ANSWERS: 3
  • Very good question. +2 Although the parents do not get along, you'd be surprised at how people can make nice when all eyes are on them. Should you choose to seat the parents at the head table, if you have room after all the attendants, put the parents on the appropriate side (bride/groom) with the new spouses between them. Thus they will be separated enough to not fight, hopefully. The other way to do this is to seat each set of parents at a different table near the head table, avoiding any possibility of problems. If they cannot be even in the same room together, I'm afraid they have CHOSEN not to attend then, haven't they? Don't play the "I won't come if THEY are coming" games, express your sorrow that they can't come. Congratulations and good luck!
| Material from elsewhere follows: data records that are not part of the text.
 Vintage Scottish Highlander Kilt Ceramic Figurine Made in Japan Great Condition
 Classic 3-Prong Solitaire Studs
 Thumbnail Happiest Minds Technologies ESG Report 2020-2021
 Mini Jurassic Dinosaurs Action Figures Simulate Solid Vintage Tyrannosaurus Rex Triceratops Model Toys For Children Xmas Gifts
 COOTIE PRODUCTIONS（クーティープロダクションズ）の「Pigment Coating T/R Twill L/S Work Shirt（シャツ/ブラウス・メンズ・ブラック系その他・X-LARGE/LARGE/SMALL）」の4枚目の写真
  • give them each a table to host rather than having a top table, and you both 'circulate' round each table, i.e. 1st course father1 and new wife 2nd course father2 new wife , course3 mother and new husband and cofee with ex wife, problem solved, when it comes to the first dance, your dad after that good luck, hope your honeymoon is family free
  • You could always tell them "it's my wedding day, you can hold back your personal feelings towards (other party) for one day so that you don't ruin my wedding". If they can't agree to it threaten to leave them out. No loving parent would ever go out of their way to spoil their child's wedding. As for seating, during the wedding put them at separate ends of the row with other family between the (grandparents), and during the reception do the same thing if you are tight on room. Another option would be to have a mixture during the reception having one set from each side at the same table, that hopefully get along with each other at least.